We are no longer a business planning to grow, employ more people, provide income for local businesses and produce local, nature-friendly food. With thousands of farms in the same position across the country, you have stagnation, negative rural growth, loss of employment, and a total lack of incentive for any younger people or new entrants to enter the farming industry.

In terms of SFI, any farmers without agreements, especially those who may have been attempting to apply, have to be given access to the SFI24 scheme, even if it is with some kind of cap. Many farmers will have been unable to apply due to CS schemes ending or admin issues within the Rural Payments Agency (RPA). This is not their fault.

The loss of habitat as schemes go past their end date with nothing to replace them is a concern. Without the incentive to manage these habitats, many farmers will resort to bringing them back into production. To prevent this, we urgently need sight of this Government's replacement policy. If this looks appealing, some farmers will forgo some income to wait for a new scheme.

The shocking fallout from the imposition of IHT and the loss of environmental payments has come at a time when profitability in farming is at an all-time low. We need to see responsible leadership from all sides to make sure our farming industry is not fatally wounded. In the presence of so much global unrest and climatic instability, our ability to feed our own nation must not be underestimated.

Jon Thornes, South Ormsby Estate, Lincolnshire

Looking at where we are now, it’s hard to argue that the Sustainable Farming Incentive (SFI) has truly delivered for nature. Instead of creating long-term, meaningful environmental improvements, the scheme has encouraged short-term, box-ticking solutions, often rewarding actions with limited ecological value.

From the start, SFI was designed more as a soft landing for farmers losing BPS rather than a genuine nature recovery scheme. With uncapped budgets and high-paying options that required little actual change, large sums of money have been spent with questionable results. Some whole farms were put into single, high-paying options that delivered little beyond securing short-term cashflow, rather than fostering integrated, sustainable farming systems.

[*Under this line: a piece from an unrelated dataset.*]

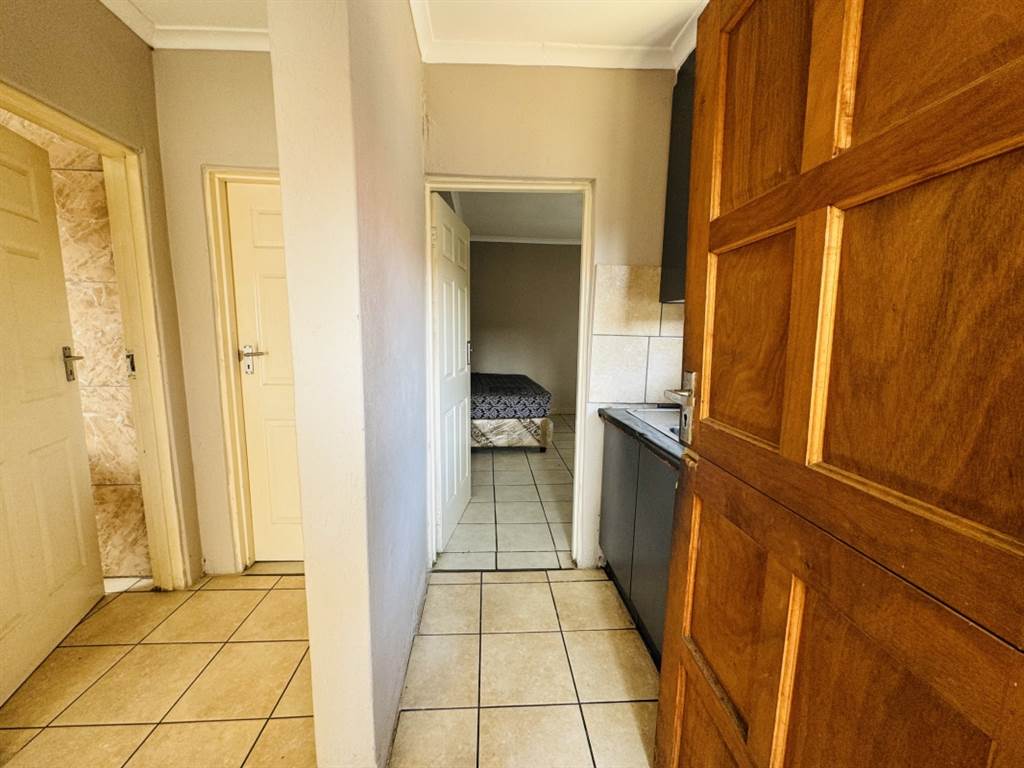 5 Bed House in Daveyton photo number 17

SFI hasn’t protected nature, hasn’t secured a sustainable farming future and has undermined trust in future schemes. We need something better, something built on real outcomes.

Jon Thornes

Now, with the scheme halted due to budget pressures, those who did make changes are left in limbo, while many others have seen this as confirmation that government support for nature-friendly farming is unreliable. The biggest losers are the farmers who genuinely wanted to transition towards regenerative agriculture but have been led up the garden path, again.

Had this money been invested differently: targeting genuine landscape-scale change, supporting proven biodiversity improvements, or even helping develop long-term nature-friendly supply chains, there might have been a lasting impact. Instead, we’re left with a funding crisis, lost confidence, and the likelihood that many will return to input-heavy, intensive systems just to stay afloat.

Would we have been better off without SFI? In most cases, yes. It hasn’t protected nature, it hasn’t secured a sustainable farming future, and it has undermined trust in future schemes. We need something better, something built on real outcomes, not short-term political fixes.